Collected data
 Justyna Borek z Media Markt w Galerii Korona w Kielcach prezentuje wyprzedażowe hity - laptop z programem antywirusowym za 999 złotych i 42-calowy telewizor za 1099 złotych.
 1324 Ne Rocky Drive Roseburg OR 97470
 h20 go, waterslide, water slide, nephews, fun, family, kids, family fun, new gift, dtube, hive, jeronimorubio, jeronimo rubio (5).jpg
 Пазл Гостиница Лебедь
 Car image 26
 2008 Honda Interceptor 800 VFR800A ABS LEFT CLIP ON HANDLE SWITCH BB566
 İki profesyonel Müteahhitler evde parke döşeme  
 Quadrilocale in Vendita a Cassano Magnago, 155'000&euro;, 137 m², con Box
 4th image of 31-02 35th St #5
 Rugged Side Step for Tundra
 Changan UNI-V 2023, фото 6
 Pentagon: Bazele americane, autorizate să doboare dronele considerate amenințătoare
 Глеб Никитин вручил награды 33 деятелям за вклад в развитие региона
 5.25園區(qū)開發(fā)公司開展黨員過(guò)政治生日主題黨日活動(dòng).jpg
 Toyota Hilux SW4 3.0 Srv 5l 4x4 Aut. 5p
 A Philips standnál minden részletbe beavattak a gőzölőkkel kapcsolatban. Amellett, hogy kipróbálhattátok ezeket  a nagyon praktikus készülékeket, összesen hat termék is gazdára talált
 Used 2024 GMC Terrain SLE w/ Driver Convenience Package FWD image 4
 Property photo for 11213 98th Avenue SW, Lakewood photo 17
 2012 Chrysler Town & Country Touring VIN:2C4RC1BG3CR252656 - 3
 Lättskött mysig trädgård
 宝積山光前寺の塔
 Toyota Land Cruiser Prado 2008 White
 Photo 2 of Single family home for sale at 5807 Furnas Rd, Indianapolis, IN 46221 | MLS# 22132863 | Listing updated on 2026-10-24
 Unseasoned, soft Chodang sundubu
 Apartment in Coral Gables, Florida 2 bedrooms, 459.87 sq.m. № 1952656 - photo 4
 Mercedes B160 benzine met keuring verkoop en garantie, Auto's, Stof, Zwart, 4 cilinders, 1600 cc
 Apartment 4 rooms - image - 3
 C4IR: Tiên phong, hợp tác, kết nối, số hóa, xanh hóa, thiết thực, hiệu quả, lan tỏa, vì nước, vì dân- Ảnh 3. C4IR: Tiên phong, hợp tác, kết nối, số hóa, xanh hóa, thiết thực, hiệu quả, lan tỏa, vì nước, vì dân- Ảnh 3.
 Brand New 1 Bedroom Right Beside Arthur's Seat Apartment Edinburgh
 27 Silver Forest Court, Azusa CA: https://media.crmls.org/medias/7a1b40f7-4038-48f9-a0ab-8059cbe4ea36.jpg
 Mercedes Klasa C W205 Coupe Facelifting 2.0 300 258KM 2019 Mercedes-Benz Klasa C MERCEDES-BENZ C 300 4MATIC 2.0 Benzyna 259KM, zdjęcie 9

Your goal
Take the entries above and copy out all lines with the string "Apartment".

Expected output
 Apartment in Coral Gables, Florida 2 bedrooms, 459.87 sq.m. № 1952656 - photo 4
 Apartment 4 rooms - image - 3
 Brand New 1 Bedroom Right Beside Arthur's Seat Apartment Edinburgh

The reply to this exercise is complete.